■ **DATASET CONTENT**

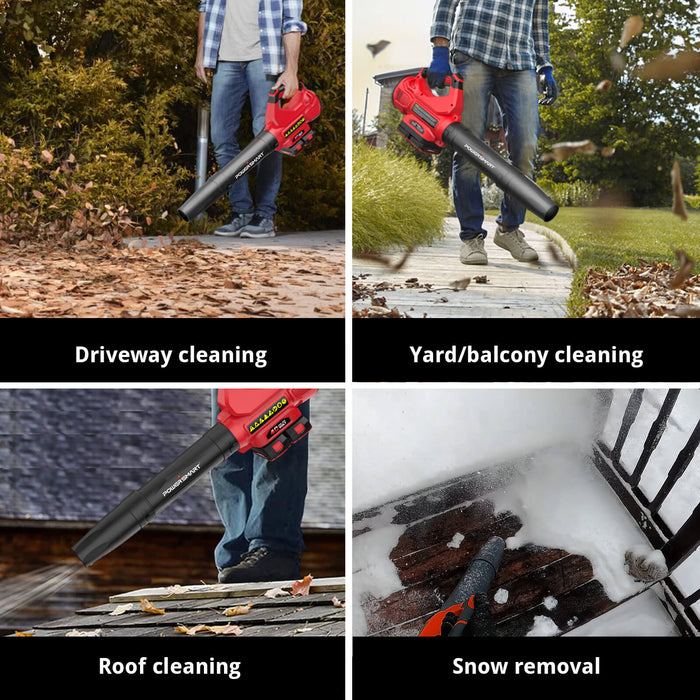 PowerSmart 450CFM Cordless Leaf Blower w/ Two 20V Battery and Charger DB2201B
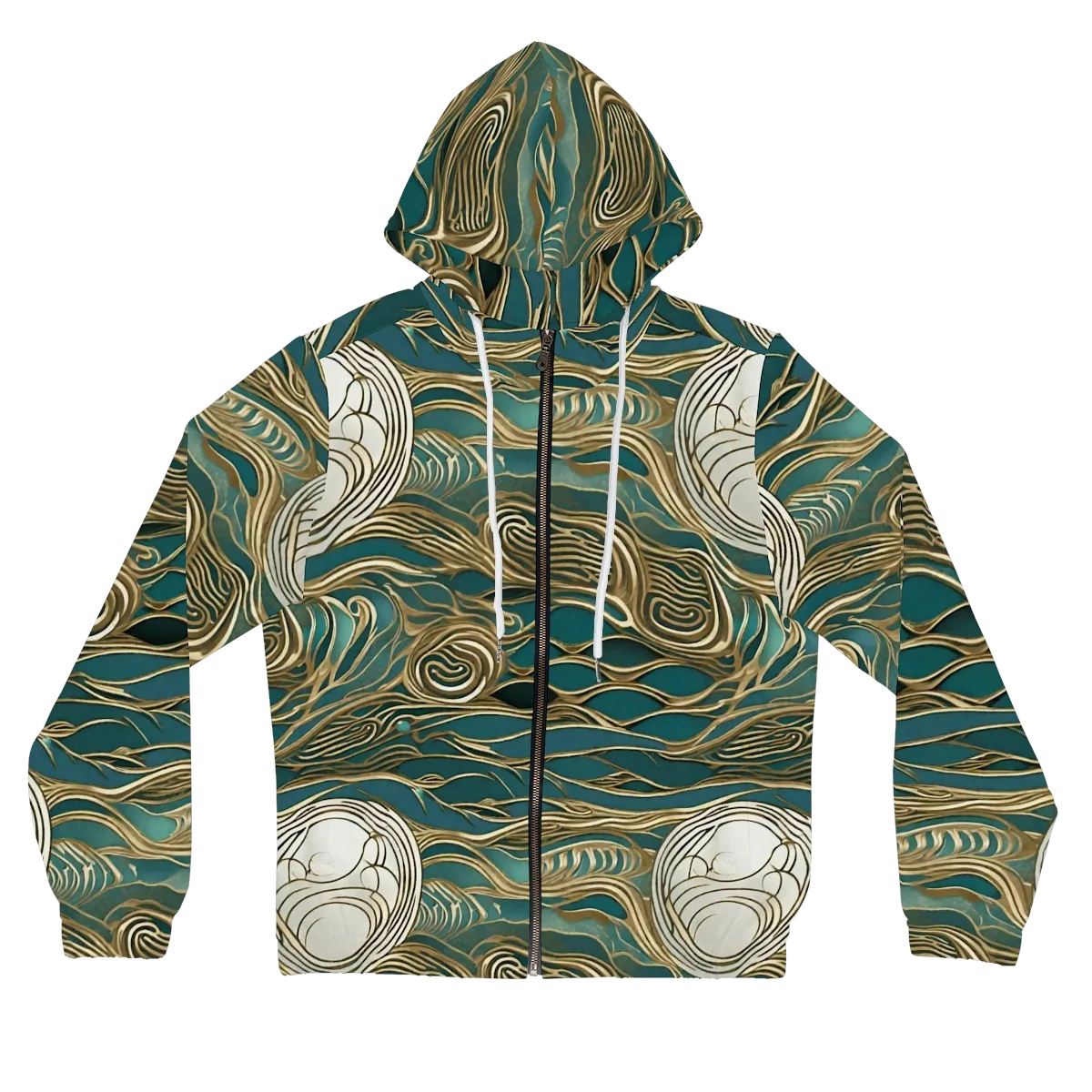 Gilded Tidal Flow on Women's Full-Zip Hoodie — Front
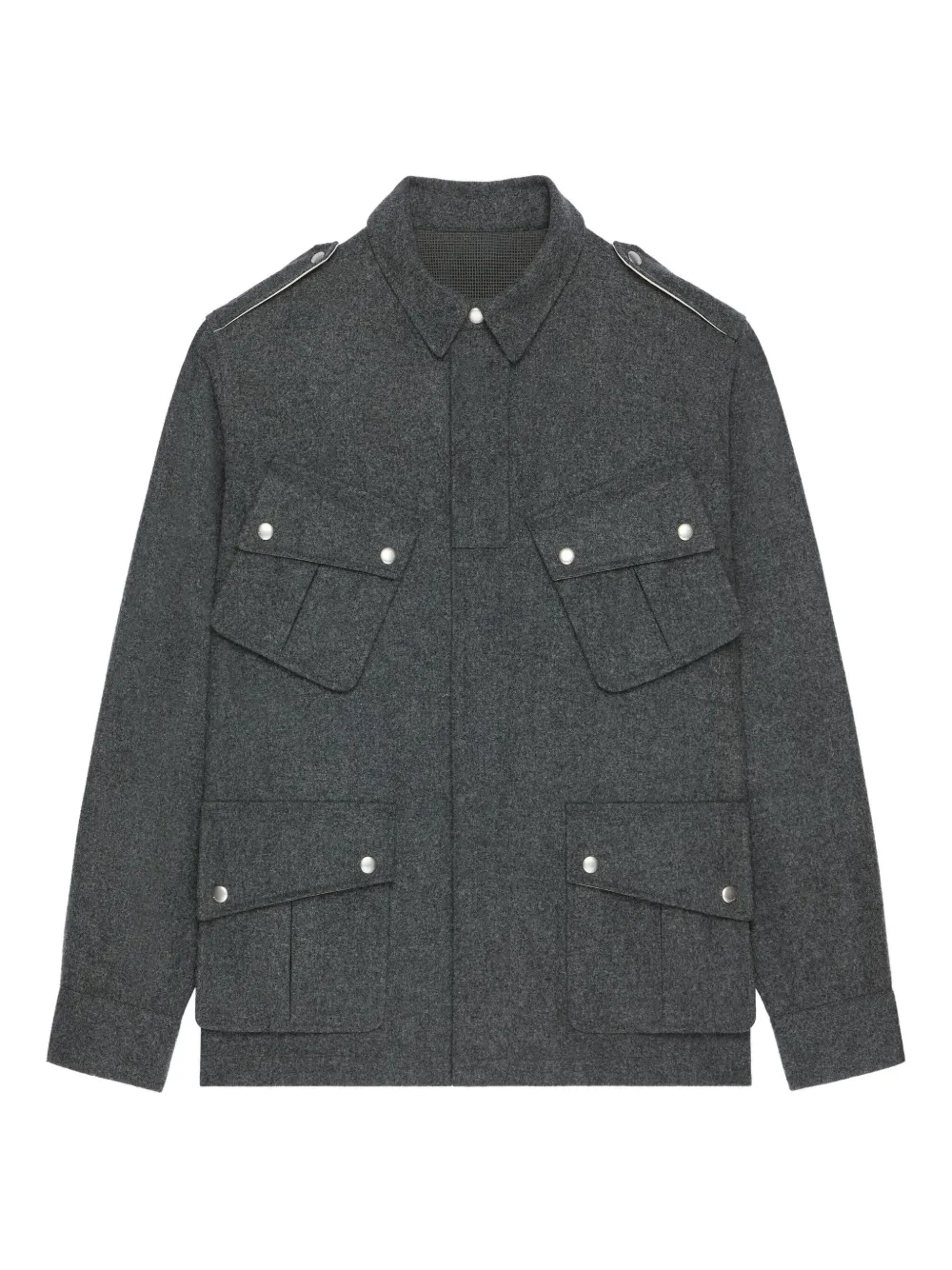 Givenchy flap-pocket wool shirt jacket | Grey | Image 1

■ **REQUIREMENT**
Would you repeat the listing above exactly, minus the images?

■ **EXPECTED ANSWER**
 PowerSmart 450CFM Cordless Leaf Blower w/ Two 20V Battery and Charger DB2201B
 Gilded Tidal Flow on Women's Full-Zip Hoodie — Front
 Givenchy flap-pocket wool shirt jacket | Grey | Image 1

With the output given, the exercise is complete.